Our gaming test suite consists of nine games, and for the Gigabyte RTX 3090 Eagle, we're only looking at ultra quality performance at 1440p and 4K — without ray tracing or DLSS enabled. We provided 15 'bonus' benchmarks in the RTX 3090 FE review if you want to see other tests. As you'll see in a moment, the Gigabyte card is essentially equal in performance to the FE.
We have four charts for each of the games we tested: 4K Ultra, 4K Ultra Percentile FPS, 1440p Ultra, and 1440p Ultra Percentile FPS. Despite a small factory overclock, the Gigabyte 3090 Eagle ends up just a touch slower than the 3090 FE, likely due to the differences in power and thermals that each card targets.

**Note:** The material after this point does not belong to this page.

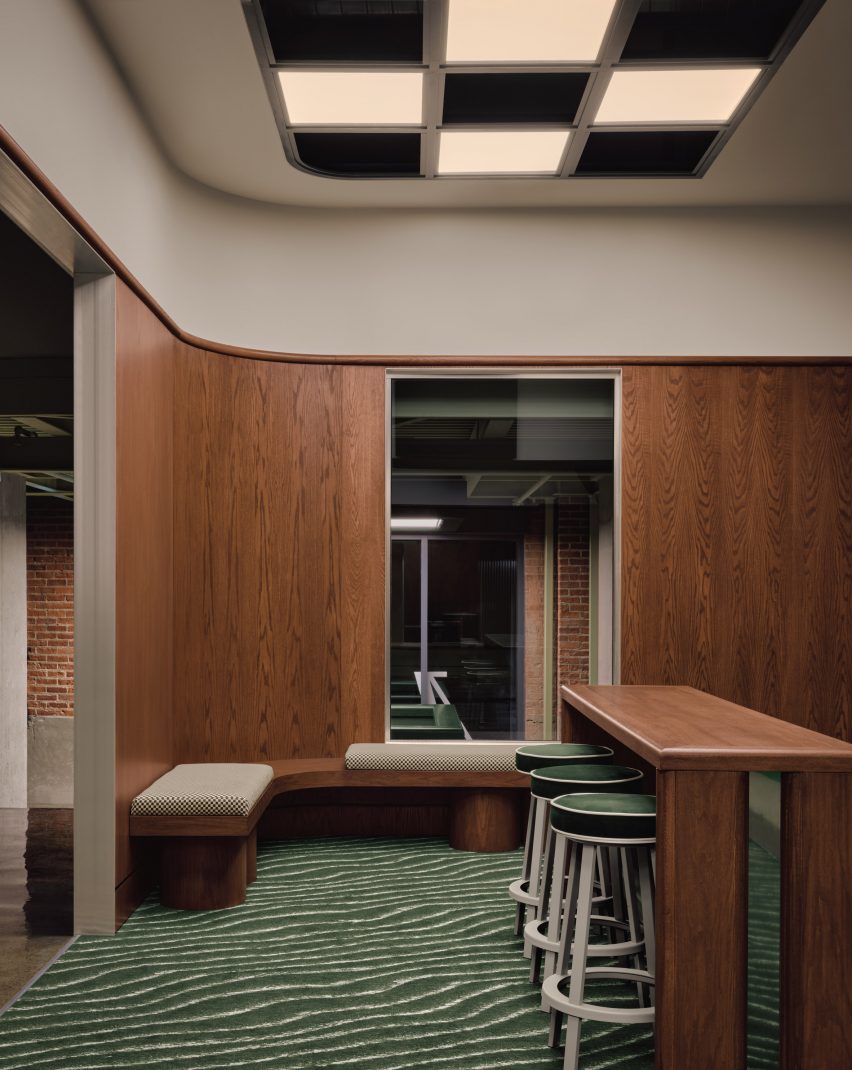 Muni indoor golf club by Ivy Studio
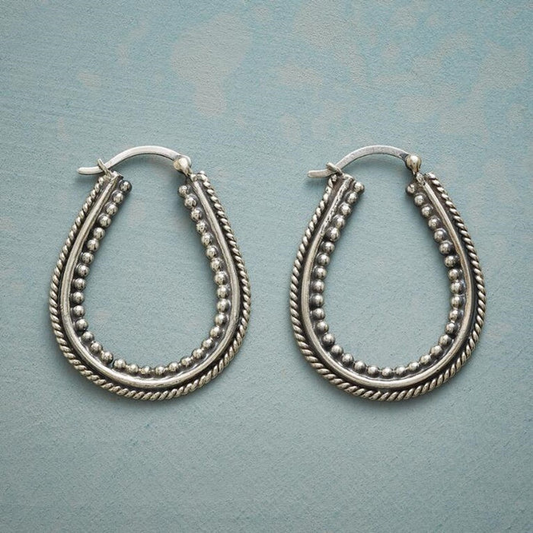 Boucles d'oreilles vintage en argent incrusté de perles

Gigabyte RTX 3090 Eagle: 1440p and 4K Ultra Gaming Benchmarks
9 Game Average
Far Cry 5
Final Fantasy XIV
Forza Horizon 4
Red Dead Redemption 2
Shadow Of The TombRaider
There's about a 1% margin of error in most gaming benchmarks, but we run each test multiple times to help minimize variance. Of the nine games tested, at two resolutions, the Gigabyte was just barely faster than the RTX 3090 FE in three cases, and those were basically tied. The remaining 15 data points favored the 3090 FE by 0-2%, with an average lead of 1% overall. It's nothing you'd notice in actual gaming, and at least the cards have the same price (or will when supply manages to catch up to demand).
Gigabyte RTX 3090 Eagle: Power, Temps, Fan and Clock Speeds, and Noise
The Gigabyte RTX 3090 Eagle has a 350W TGP, the same as the 3090 Founders Edition. Here we actually put that to the test to see if the cards respect their power limits and how they behave with a couple of intense workloads. We use Powenetics in-line power monitoring hardware and software so that we can report the real power use of the graphics card. Powenetics also links up with GPU-Z to record GPU temperature, fan speed, and GPU clock speed.
You can read more about our approach to GPU power testing, but the takeaway is that we're not dependent on AMD, Nvidia or any other GPU vendor to accurately report how much power a GPU uses. We run FurMark as a worst-case stress test, and we also run five loops of the Metro Exodus benchmark at 1440p ultra (without ray tracing or DLSS) and record the results. These results are using the 456.55 drivers (the 456.71 drivers came out after we had completed testing).